1つは、「ナレッジマネージャKPO」だ。情報発信ルールに基づいたリアルタイムな情報流通モニタリングアセスメントや、情報ライフサイクル管理のプロセスに従った情報資産棚卸、社内の情報発信サイトやメールマガジン作成・更新を代行するライブラリアン派遣など、ナレッジマネジメント事務局の業務を引き受ける。
2つ目は、「社内ヘルプデスクKPO」。社内の専門業務の問い合わせ受付、回答業務の代行、蓄積された問い合わせ履歴のFAQ化、現場のニーズからの業務改善提案などを行う。
そして3つ目は、「ドキュメンテーションKPO」である。分かりにくい業務マニュアルの編集や提案書・成果物の作成代行、サニタイズ(顧客名の消去)、現場の知識をヒアリングにより吸い上げ体系化するといったメニューだ。
ただし、単に業務代行をするのではなく、顧客のレベルアップのために専門家によるトレーニングをはじめ、ドキュメントガイドラインやテンプレートの作成も並行して行っている。それを実践することで、ナレッジマネジメントのスピードアップ、スパイラルアップが可能になるという。

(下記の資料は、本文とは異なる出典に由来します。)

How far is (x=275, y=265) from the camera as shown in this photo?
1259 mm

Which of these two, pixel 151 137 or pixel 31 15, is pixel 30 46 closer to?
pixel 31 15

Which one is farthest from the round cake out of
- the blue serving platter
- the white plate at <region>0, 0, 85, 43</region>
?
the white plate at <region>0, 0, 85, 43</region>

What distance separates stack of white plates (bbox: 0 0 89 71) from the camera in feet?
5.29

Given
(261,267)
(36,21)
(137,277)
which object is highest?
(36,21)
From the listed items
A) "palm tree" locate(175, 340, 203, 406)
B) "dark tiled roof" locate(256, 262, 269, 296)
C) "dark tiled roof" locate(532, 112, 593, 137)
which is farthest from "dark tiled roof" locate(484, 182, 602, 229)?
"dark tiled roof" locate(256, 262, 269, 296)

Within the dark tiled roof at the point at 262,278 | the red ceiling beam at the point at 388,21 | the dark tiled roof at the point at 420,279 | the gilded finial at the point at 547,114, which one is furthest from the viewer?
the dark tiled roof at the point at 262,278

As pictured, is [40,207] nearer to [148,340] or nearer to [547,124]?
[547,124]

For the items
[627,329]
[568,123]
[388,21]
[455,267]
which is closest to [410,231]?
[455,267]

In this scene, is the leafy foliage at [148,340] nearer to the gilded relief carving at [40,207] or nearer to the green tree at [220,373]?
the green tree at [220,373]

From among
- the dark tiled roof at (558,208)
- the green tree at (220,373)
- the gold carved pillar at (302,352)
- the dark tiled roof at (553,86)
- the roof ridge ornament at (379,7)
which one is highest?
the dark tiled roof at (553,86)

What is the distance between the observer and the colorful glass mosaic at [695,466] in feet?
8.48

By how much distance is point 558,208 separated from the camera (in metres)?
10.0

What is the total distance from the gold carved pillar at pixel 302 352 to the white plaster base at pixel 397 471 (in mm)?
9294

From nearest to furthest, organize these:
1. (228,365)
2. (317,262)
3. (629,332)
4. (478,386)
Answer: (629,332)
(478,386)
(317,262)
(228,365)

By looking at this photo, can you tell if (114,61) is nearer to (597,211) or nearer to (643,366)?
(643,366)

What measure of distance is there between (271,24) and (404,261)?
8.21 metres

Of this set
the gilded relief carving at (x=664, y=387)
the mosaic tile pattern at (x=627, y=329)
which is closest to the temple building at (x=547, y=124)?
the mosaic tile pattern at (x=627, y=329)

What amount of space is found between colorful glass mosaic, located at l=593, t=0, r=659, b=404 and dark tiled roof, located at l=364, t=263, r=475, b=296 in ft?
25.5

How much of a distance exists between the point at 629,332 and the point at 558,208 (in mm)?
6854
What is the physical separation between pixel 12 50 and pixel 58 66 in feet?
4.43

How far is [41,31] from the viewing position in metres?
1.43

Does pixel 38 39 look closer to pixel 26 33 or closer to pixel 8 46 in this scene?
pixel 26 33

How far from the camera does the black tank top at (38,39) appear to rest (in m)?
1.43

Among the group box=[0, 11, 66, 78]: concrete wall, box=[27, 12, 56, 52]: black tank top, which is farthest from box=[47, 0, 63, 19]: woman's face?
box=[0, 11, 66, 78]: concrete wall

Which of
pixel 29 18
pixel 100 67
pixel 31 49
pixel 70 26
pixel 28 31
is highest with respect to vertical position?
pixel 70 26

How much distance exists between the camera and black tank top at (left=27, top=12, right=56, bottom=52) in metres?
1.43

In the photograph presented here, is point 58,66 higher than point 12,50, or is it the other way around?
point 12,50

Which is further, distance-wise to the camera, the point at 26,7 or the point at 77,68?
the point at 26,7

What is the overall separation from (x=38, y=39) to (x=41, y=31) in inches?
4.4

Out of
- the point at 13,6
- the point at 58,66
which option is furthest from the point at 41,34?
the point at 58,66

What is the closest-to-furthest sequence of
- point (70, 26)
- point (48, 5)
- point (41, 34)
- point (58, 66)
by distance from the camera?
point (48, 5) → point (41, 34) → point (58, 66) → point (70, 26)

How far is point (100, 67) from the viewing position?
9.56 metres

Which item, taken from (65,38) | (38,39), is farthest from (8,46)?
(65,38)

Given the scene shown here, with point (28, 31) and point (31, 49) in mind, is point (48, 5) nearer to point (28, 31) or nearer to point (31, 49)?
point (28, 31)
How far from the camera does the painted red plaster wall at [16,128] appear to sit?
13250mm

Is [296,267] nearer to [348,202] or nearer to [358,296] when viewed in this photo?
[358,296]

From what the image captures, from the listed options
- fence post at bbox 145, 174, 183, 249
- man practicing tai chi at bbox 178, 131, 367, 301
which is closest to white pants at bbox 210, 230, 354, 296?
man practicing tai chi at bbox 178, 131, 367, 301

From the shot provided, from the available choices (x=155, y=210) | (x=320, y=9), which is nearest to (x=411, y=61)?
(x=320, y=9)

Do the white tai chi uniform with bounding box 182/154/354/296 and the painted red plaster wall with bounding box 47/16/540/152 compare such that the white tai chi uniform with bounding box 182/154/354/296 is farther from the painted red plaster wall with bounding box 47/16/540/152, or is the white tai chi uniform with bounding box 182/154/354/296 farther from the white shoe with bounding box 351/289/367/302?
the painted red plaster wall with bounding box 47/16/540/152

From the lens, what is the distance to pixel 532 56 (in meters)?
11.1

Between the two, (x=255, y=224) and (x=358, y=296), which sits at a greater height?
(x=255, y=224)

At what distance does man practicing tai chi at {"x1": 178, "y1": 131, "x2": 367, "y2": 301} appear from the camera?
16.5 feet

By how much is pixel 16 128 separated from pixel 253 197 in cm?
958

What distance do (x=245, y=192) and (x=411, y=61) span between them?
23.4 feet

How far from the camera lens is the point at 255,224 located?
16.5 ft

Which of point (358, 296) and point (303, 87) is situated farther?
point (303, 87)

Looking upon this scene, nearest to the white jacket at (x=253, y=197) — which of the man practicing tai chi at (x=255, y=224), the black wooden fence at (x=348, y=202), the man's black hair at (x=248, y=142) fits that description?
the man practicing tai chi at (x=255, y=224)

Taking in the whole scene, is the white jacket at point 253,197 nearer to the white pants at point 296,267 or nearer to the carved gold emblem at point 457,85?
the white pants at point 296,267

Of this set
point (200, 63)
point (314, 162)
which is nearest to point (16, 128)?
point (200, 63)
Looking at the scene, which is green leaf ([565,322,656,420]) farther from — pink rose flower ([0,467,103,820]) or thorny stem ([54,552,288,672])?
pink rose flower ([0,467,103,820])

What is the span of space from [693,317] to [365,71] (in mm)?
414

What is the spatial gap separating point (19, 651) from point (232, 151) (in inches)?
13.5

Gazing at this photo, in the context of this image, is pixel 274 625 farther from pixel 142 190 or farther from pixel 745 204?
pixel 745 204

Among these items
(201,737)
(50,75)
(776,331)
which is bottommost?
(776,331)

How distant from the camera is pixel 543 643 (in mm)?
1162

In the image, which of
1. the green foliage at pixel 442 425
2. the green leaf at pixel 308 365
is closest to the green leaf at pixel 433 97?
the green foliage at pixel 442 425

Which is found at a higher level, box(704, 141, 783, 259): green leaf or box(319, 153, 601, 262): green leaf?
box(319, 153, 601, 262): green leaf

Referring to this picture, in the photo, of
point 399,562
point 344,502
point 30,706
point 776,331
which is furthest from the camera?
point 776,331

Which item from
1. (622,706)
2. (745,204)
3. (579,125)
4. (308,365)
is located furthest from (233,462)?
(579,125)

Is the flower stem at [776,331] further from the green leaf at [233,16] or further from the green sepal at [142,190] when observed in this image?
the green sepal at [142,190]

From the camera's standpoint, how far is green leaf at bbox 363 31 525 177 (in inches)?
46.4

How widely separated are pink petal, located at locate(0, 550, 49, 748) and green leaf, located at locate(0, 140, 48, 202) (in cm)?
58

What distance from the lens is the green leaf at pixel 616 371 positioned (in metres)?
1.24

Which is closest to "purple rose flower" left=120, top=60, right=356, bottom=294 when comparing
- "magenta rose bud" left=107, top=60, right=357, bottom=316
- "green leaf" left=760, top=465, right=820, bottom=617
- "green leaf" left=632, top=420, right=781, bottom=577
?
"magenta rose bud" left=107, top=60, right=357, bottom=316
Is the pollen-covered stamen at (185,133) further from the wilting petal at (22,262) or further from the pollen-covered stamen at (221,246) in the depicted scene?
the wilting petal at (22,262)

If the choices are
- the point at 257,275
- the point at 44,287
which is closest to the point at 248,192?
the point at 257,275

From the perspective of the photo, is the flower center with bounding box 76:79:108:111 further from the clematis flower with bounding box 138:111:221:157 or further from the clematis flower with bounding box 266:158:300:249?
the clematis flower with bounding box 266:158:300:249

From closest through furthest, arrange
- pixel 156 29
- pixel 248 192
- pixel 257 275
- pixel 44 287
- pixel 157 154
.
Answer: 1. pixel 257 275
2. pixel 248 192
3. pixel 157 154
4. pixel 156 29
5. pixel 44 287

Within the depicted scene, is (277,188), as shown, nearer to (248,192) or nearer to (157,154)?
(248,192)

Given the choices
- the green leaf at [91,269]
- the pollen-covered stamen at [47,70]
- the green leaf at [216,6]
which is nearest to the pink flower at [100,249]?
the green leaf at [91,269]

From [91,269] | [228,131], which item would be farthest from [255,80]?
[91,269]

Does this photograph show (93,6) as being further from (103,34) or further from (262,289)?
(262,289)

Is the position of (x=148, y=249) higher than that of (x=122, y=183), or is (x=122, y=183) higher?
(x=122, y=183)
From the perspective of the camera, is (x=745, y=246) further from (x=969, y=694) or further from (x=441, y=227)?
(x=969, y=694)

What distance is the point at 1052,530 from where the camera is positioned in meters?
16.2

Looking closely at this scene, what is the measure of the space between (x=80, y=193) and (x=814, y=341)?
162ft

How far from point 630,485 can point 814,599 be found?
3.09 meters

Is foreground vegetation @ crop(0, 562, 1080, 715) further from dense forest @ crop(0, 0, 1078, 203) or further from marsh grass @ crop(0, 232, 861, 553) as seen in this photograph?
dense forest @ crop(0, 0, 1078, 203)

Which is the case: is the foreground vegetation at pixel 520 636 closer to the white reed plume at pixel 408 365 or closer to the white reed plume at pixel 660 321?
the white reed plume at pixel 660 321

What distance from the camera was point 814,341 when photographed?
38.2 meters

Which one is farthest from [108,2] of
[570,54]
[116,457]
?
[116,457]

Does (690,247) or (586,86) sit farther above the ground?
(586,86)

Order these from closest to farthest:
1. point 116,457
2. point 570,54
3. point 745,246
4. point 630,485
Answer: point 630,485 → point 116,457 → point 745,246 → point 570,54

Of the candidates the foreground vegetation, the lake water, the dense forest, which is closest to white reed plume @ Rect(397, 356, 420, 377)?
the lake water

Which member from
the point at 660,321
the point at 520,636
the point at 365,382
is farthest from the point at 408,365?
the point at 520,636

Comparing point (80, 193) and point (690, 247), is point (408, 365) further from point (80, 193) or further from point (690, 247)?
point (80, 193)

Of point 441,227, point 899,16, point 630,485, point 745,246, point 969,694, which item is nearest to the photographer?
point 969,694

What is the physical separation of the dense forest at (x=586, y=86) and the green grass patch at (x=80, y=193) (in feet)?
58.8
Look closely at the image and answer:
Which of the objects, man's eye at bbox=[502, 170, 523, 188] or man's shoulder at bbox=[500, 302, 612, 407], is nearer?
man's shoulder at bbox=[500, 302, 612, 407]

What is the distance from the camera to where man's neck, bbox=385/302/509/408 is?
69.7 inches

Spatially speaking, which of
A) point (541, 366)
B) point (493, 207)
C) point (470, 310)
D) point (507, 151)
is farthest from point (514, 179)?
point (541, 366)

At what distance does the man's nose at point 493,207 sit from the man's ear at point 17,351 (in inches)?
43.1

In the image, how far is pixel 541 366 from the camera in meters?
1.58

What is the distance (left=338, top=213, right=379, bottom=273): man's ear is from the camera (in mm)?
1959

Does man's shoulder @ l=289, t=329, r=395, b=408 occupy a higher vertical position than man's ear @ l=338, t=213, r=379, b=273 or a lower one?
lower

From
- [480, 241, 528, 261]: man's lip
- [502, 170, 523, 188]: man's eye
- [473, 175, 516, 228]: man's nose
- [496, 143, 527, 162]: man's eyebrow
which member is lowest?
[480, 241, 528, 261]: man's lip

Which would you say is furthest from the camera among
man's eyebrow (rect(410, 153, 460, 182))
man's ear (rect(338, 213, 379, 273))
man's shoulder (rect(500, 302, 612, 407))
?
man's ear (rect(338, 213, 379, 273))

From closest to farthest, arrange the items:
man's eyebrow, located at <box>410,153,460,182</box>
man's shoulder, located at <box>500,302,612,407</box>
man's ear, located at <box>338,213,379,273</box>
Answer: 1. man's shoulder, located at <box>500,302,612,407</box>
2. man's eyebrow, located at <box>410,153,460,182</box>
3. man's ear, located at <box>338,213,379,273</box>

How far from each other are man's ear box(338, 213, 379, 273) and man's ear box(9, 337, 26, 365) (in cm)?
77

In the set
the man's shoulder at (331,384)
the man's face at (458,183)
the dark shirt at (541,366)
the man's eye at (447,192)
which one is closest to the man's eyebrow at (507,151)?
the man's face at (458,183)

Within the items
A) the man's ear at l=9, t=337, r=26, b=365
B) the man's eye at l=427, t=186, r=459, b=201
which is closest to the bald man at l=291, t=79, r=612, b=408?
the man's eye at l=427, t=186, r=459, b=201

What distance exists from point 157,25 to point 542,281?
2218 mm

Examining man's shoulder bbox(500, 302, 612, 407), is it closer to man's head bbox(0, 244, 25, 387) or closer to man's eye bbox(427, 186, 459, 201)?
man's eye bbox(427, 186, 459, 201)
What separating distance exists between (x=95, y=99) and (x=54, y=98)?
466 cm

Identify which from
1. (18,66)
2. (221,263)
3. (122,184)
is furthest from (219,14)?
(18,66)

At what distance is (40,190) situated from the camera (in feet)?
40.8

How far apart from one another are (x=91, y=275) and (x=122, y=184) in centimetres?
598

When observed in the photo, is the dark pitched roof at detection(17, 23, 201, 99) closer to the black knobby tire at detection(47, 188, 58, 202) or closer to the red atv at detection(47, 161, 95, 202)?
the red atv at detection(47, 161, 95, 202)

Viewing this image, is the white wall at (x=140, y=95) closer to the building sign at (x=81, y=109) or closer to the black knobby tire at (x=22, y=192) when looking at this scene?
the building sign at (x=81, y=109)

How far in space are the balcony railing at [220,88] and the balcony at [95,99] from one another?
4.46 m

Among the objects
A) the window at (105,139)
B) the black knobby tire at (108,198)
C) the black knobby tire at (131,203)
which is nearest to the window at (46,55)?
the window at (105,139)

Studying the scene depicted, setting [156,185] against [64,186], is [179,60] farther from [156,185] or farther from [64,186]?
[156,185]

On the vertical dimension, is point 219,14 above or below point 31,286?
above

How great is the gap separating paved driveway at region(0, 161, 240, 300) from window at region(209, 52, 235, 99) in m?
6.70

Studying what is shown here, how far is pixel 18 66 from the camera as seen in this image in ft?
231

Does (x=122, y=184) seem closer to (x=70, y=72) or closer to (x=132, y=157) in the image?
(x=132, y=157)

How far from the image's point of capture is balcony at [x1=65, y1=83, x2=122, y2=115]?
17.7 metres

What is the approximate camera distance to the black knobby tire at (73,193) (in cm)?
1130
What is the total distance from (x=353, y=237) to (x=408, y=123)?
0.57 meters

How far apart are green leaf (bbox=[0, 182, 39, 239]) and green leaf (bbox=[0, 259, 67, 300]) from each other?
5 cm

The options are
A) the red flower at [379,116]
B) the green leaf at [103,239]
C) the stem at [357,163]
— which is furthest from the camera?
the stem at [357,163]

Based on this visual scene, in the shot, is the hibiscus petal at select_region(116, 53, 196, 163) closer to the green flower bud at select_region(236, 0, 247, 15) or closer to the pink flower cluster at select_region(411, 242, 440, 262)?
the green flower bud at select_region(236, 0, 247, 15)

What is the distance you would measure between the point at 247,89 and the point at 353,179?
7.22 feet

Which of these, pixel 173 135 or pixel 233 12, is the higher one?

「KPOの目的は面倒な業務の安価な外部委託ではなく、現状の業務を定型化し切り出せるようにすること。そうすれば、仮にKPOを中止してもナレッジが社内に残り、知識の空洞化が起こらない」(吉田氏)
そして、今後リアルコムは、ITのクラウド(cloud)と人のナレッジのクラウド(crowd)がセットで提供されることの効果を期待して、さらにサービスを発展させていく考えを持っている。
例えば、データ分析業務をSaaSとセットで提供することで、オンラインでExcelデータを送信すると翌朝には分析レポートとして戻ってくるといったサービスや、Microsoft Exchangeと連動しアポイントのスケジュール調整をリアルタイムで行ってくれるオンライン秘書のようなサービスなどのアイデアがあるという。
このようなナレッジ活用は、とかくタテ割り組織で保守的な日本企業にとって大きなチャレンジとなるかもしれない。2010年からの新たな10年を歩むにあたり、リアルタイムなナレッジマネジメントを活用して、品質を保ちつつ、業務のスピードアップと選択、集中を図る企業が増えれば、日本も再び「高い品質と生産性」を兼ね備えた国として脚光を浴びることができるかもしれない。